→ EXERCISE GOAL:
Copy exactly the lines starting at the one that contains "２回、先制左越えソロを放つエルドレッド（投手・大谷）＝撮影・会津智海" and running through the end of the material below. Exclude any pictures.
============
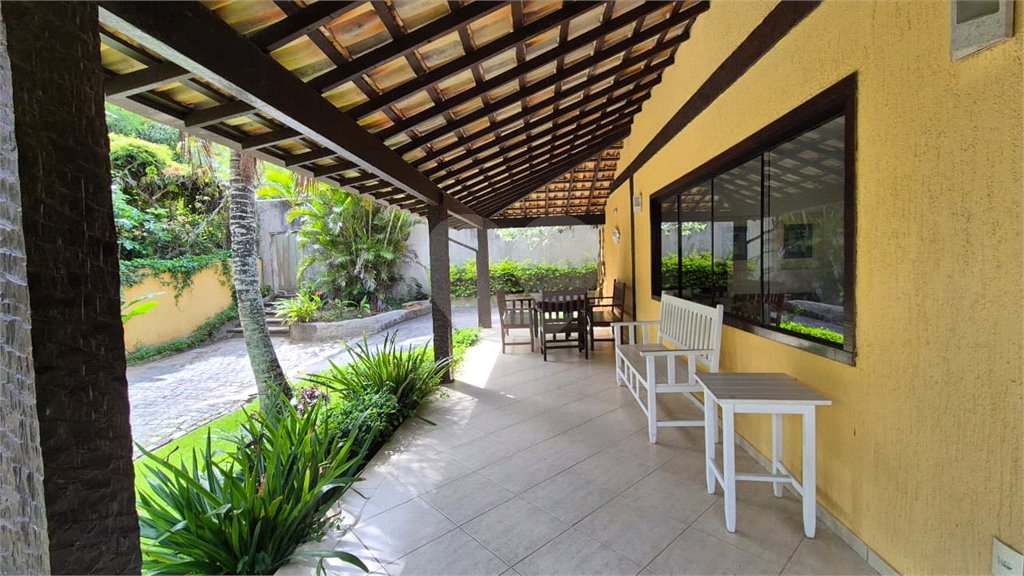Casa à venda com 5 quartos, sendo 4 suítes,  em Geribá, Armação dos Búzios, RJ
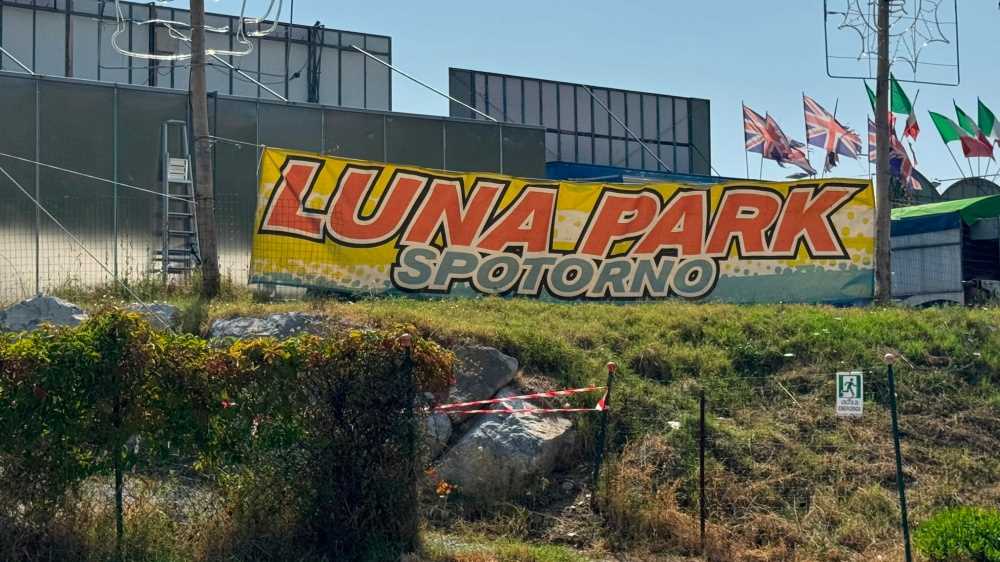 Quindicenne muore folgorato al luna park, nel savonese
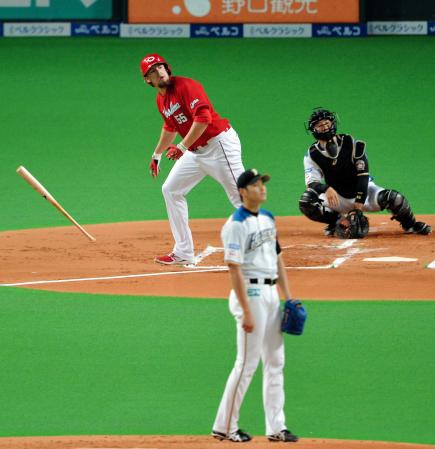 　２回、先制左越えソロを放つエルドレッド（投手・大谷）＝撮影・会津智海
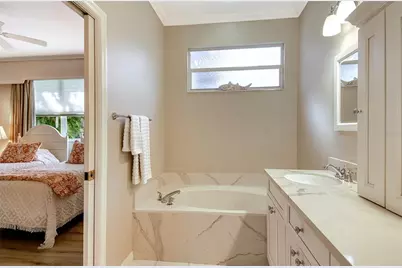 3770 Amapola Lane, Sarasota, FL 34238 - Photo 29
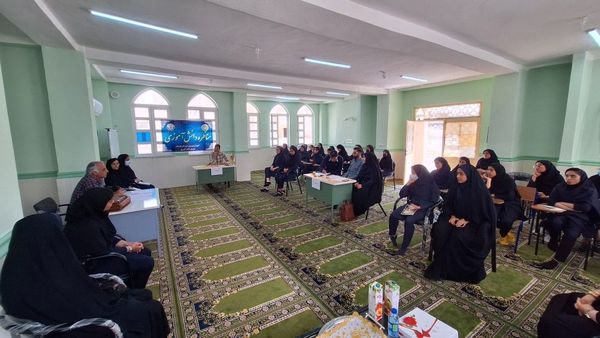 استقبال دانش‌آموزان پارسیان از مناظره‌های دانش‌آموزی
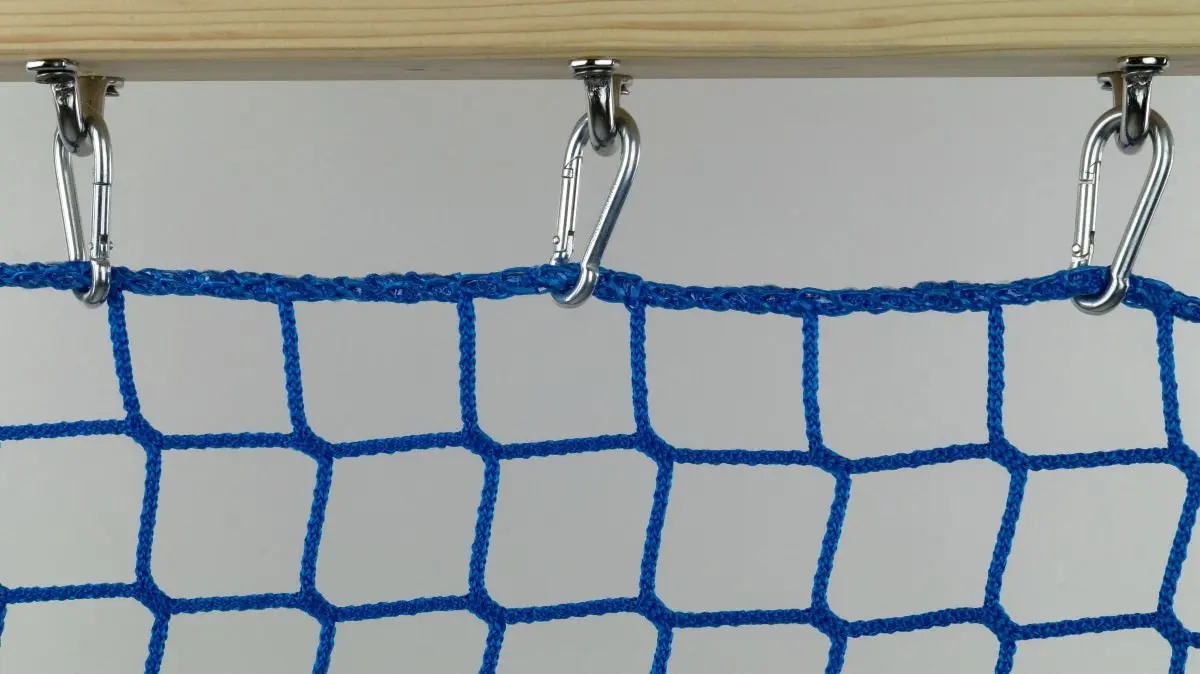 DIN5299 snap hook application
============
→ OUTPUT:
 　２回、先制左越えソロを放つエルドレッド（投手・大谷）＝撮影・会津智海
 3770 Amapola Lane, Sarasota, FL 34238 - Photo 29
 استقبال دانش‌آموزان پارسیان از مناظره‌های دانش‌آموزی
 DIN5299 snap hook application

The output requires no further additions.